Reflecting on Americans
Americans are very independent individually and as a group. We all immigrated to get here or were born here. We had been here about 150 years as we approached writing the constitution and we had built a society. The post Revolutionary period was a chance to start over and correct the British colonial errors. It was a lot like the old western movies we see today. There were always lots of guns, force and action but someone always had a book.
A classic example is “The Man Who Shot Liberty Valance”. In the movie Jimmy Stewart is the lawyer who’s always got a law book. There isn’t anybody around to enforce the law. There isn’t any facility around to write or print such a law book. The law all comes from someplace back east. They are out on the frontier. Stewart is trying to establish the law. It is an enormous leg up that he knew what it was or ought to be. That was the case of the people who founded America. They knew about civilization and law and that it was precious… but also they got to start over.

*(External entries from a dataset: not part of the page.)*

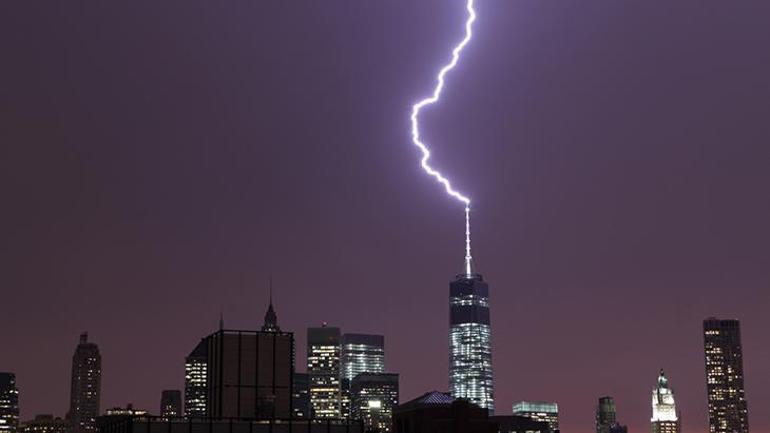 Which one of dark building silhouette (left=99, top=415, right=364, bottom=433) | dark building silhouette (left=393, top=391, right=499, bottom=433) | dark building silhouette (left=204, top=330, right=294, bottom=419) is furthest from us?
dark building silhouette (left=393, top=391, right=499, bottom=433)

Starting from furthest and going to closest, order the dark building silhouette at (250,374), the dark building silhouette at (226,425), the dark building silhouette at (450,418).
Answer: the dark building silhouette at (450,418), the dark building silhouette at (250,374), the dark building silhouette at (226,425)

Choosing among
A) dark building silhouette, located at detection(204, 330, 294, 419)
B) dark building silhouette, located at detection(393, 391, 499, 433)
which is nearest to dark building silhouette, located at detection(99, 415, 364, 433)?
dark building silhouette, located at detection(204, 330, 294, 419)

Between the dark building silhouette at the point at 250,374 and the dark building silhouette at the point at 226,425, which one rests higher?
the dark building silhouette at the point at 250,374

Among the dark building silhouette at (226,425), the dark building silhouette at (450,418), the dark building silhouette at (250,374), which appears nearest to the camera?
the dark building silhouette at (226,425)

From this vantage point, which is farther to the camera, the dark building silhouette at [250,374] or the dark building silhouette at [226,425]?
the dark building silhouette at [250,374]

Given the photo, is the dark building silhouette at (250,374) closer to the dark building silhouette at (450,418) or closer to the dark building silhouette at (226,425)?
the dark building silhouette at (226,425)

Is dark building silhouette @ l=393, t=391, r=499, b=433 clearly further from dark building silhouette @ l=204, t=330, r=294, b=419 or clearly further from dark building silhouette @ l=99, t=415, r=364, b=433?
dark building silhouette @ l=99, t=415, r=364, b=433

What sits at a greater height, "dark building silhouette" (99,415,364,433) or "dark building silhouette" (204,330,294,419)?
"dark building silhouette" (204,330,294,419)

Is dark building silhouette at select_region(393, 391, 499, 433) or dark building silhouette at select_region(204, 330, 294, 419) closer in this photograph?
dark building silhouette at select_region(204, 330, 294, 419)

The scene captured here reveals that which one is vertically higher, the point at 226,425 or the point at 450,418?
the point at 450,418

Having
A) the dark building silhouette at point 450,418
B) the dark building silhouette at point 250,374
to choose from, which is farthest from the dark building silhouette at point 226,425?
the dark building silhouette at point 450,418

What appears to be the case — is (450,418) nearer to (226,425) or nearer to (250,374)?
(250,374)

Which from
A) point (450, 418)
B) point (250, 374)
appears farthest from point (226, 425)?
point (450, 418) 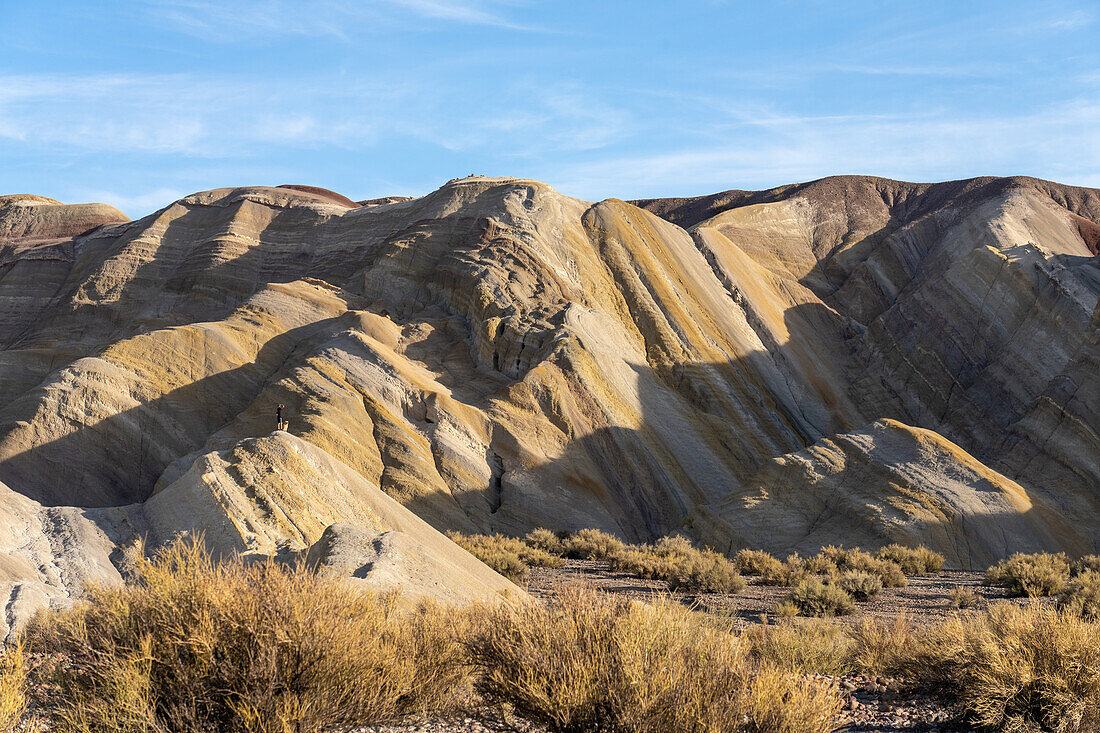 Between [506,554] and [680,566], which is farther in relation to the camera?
[506,554]

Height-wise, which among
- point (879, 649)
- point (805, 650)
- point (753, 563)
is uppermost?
point (805, 650)

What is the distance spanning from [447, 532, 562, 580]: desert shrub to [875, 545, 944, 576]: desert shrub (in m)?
8.50

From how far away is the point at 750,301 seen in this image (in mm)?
42250

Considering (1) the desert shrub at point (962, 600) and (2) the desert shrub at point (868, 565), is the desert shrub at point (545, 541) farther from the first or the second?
(1) the desert shrub at point (962, 600)

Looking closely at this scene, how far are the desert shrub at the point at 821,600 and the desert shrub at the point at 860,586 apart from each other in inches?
68.1

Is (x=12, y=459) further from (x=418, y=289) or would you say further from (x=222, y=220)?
(x=222, y=220)

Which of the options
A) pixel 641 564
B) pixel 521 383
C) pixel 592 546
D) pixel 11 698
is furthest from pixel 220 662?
pixel 521 383

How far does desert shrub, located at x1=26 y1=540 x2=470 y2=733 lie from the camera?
503cm

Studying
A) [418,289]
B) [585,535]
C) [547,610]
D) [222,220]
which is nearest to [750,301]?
[418,289]

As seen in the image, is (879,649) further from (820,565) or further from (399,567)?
(820,565)

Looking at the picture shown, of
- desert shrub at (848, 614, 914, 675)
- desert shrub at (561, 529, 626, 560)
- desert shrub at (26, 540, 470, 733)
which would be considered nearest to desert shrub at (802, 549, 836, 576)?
desert shrub at (561, 529, 626, 560)

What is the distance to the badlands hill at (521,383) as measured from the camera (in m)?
17.5

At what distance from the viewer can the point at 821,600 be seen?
48.1ft

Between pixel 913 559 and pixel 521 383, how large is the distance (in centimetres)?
1453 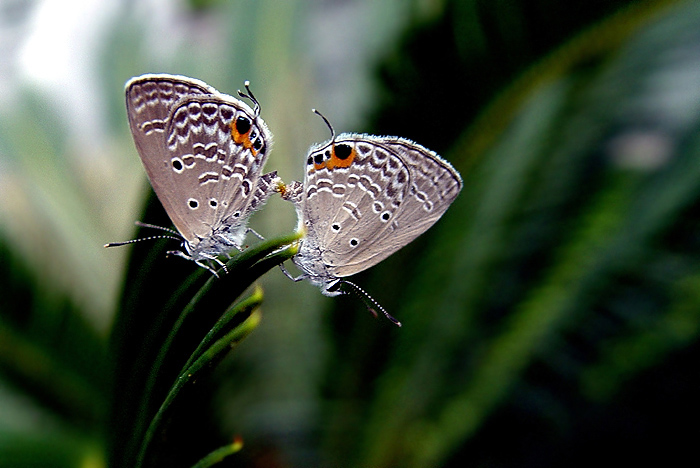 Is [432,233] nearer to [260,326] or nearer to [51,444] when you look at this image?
[260,326]

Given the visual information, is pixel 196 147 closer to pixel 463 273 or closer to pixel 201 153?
pixel 201 153

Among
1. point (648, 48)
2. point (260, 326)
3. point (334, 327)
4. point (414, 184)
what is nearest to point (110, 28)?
point (260, 326)

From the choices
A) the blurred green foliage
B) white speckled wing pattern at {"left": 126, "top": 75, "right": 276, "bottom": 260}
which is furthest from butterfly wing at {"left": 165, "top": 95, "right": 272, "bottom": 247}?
the blurred green foliage

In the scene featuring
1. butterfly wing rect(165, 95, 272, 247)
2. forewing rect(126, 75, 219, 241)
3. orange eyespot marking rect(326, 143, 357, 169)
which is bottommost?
orange eyespot marking rect(326, 143, 357, 169)

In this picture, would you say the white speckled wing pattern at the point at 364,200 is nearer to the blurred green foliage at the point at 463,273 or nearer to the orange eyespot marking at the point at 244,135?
the orange eyespot marking at the point at 244,135

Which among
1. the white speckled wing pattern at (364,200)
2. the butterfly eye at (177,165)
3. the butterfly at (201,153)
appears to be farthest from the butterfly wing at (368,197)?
the butterfly eye at (177,165)

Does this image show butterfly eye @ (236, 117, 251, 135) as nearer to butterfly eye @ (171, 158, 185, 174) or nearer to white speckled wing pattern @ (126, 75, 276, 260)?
white speckled wing pattern @ (126, 75, 276, 260)

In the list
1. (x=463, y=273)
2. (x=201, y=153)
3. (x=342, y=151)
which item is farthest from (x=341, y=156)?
(x=463, y=273) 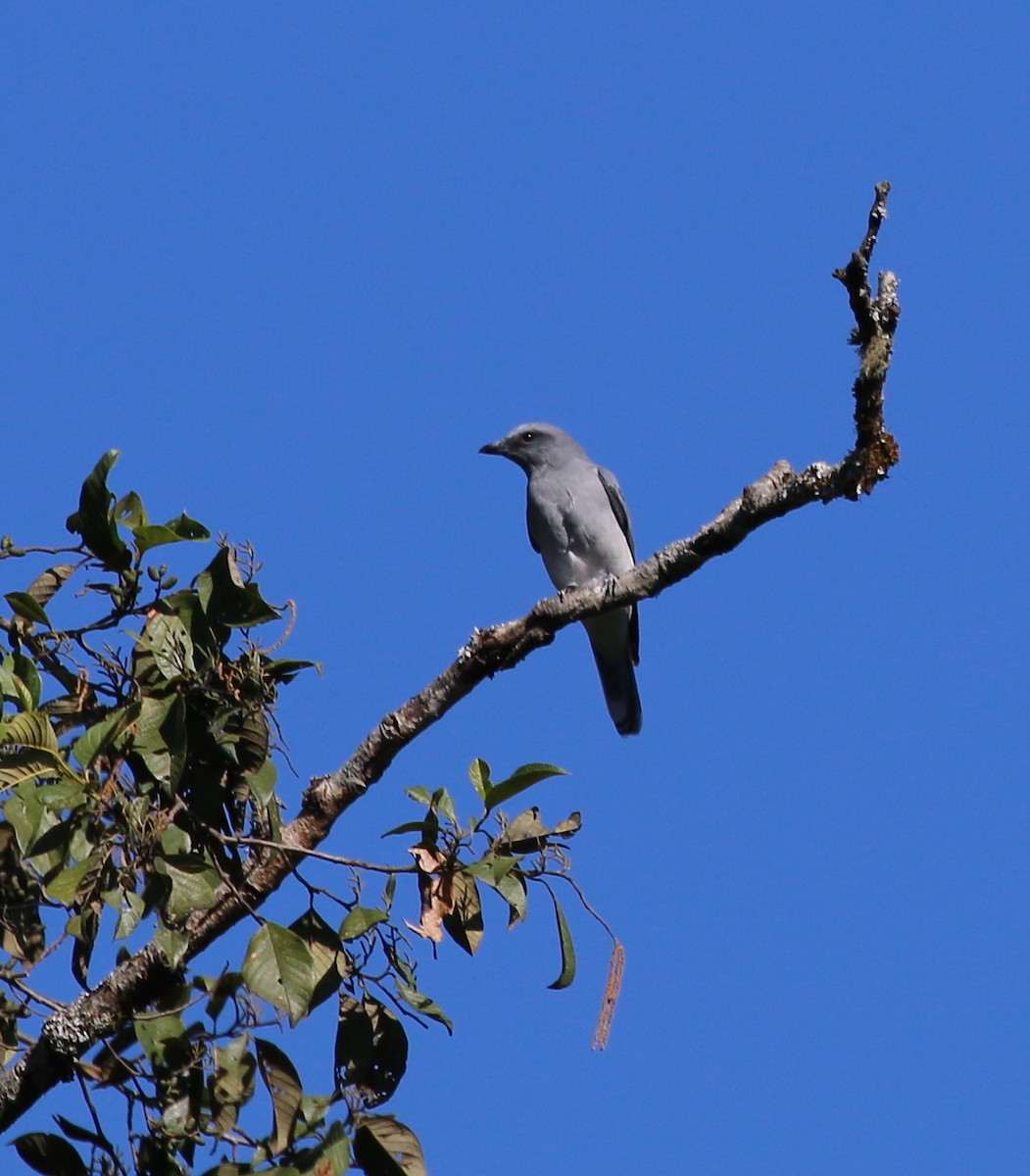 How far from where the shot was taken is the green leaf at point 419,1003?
448 cm

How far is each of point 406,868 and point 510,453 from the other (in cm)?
644

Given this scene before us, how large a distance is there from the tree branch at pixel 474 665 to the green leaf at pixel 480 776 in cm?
18

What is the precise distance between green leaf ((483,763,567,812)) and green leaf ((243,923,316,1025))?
→ 69 cm

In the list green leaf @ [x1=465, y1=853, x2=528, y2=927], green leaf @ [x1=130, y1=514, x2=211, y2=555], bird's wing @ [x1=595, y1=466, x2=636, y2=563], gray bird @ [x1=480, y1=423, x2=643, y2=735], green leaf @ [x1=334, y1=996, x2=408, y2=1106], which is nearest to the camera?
green leaf @ [x1=465, y1=853, x2=528, y2=927]

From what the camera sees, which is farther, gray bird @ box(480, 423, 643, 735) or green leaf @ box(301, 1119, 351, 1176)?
gray bird @ box(480, 423, 643, 735)

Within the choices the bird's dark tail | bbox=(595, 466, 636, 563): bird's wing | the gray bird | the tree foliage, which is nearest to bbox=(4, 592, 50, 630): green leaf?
the tree foliage

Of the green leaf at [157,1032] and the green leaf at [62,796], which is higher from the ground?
the green leaf at [62,796]

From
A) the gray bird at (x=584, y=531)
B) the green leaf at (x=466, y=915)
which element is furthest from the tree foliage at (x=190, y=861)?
the gray bird at (x=584, y=531)

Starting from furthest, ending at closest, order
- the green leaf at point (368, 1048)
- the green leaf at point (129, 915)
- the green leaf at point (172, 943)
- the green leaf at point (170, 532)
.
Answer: the green leaf at point (170, 532)
the green leaf at point (368, 1048)
the green leaf at point (172, 943)
the green leaf at point (129, 915)

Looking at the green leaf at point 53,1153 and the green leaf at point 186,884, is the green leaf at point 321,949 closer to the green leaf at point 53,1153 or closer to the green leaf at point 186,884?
the green leaf at point 186,884

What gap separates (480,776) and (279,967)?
79 cm

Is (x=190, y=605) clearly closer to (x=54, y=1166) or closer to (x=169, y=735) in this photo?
(x=169, y=735)

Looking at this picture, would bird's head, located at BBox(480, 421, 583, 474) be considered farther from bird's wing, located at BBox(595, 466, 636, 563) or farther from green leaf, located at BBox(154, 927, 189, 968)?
green leaf, located at BBox(154, 927, 189, 968)

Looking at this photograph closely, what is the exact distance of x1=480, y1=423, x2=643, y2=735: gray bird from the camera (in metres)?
9.84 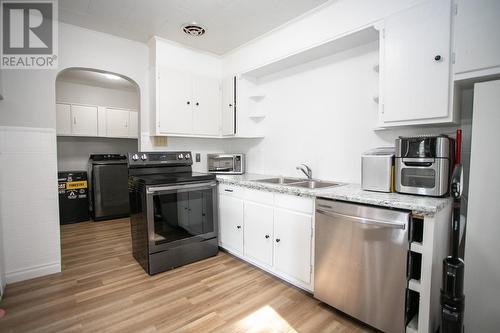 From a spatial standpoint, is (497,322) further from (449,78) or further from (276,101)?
(276,101)

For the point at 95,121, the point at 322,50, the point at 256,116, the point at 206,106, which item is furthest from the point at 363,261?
the point at 95,121

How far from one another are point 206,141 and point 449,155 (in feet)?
9.31

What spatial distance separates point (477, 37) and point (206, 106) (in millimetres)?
2704

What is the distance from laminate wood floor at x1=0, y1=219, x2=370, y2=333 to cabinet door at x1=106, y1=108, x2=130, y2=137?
9.59 ft

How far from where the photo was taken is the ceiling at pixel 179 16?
2.24m

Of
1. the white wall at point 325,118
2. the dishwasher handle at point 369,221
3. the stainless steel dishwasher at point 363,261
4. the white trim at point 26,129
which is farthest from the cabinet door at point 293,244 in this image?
the white trim at point 26,129

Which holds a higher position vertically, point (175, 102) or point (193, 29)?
point (193, 29)

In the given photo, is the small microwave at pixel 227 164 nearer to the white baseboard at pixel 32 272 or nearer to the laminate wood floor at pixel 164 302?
the laminate wood floor at pixel 164 302

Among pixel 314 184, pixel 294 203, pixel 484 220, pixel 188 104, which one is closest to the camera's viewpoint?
pixel 484 220

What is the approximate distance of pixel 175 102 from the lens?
3066 mm

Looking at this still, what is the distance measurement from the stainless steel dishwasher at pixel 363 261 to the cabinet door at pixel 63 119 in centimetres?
479

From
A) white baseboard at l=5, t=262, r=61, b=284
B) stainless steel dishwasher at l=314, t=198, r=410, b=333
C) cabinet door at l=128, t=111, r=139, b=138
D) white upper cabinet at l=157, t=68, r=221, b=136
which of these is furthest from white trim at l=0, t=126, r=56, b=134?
cabinet door at l=128, t=111, r=139, b=138

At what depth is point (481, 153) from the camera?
1422 millimetres

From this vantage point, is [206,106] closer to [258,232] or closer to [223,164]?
[223,164] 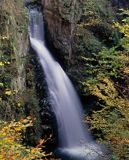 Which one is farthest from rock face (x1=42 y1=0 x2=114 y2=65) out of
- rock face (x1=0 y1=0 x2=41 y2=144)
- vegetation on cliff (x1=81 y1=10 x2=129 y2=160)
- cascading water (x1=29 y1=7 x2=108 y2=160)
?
rock face (x1=0 y1=0 x2=41 y2=144)

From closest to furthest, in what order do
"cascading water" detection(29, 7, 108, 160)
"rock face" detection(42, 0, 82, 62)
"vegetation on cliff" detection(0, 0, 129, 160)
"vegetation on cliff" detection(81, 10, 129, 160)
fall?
"vegetation on cliff" detection(81, 10, 129, 160)
"vegetation on cliff" detection(0, 0, 129, 160)
"cascading water" detection(29, 7, 108, 160)
"rock face" detection(42, 0, 82, 62)

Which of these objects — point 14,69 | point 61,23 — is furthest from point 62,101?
point 14,69

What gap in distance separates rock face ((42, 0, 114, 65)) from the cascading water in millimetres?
445

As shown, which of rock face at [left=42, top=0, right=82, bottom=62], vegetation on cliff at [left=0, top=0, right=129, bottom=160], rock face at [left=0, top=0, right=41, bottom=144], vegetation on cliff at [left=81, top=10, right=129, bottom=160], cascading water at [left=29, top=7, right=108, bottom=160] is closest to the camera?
vegetation on cliff at [left=81, top=10, right=129, bottom=160]

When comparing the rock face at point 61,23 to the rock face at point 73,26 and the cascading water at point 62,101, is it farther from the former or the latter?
the cascading water at point 62,101

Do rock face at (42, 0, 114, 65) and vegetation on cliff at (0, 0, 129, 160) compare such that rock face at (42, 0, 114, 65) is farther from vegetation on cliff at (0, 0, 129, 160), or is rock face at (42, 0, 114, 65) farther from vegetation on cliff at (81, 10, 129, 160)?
vegetation on cliff at (81, 10, 129, 160)

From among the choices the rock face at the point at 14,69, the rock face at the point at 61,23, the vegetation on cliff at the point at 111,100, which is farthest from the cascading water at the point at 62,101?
the rock face at the point at 14,69

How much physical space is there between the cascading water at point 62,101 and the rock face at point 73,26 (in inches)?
17.5

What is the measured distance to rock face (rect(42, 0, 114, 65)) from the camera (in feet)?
43.3

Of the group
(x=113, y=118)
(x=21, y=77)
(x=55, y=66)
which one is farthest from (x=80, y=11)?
(x=113, y=118)

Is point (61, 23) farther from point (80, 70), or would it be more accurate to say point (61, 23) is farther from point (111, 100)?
point (111, 100)

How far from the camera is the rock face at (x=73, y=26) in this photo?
43.3 ft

There weren’t really a lot of priorities among them. That fact alone justifies Hamilton’s statement that it is up to us to prove that we could form political institutions to govern ourselves by reflection and choice. We could all get together and talk. We had the time to think before acting. That is a luxury most nations did not have and/or did not take advantage of. Politics is fundamentally about talking. The human gift is our ability to talk. Only humans do that, which means we can decide questions of justice and injustice, advantage and disadvantage.
Conclusion:
Hamilton welcomes Federalist readers to one of the most significant deliberations in the history of the world as he puts it. It proves something for all time. The reason it could prove it for all time, in his opinion, was if it cannot be done here, then it cannot be done. This was the best chance ever. That is the perspective of “The Federalist Papers”.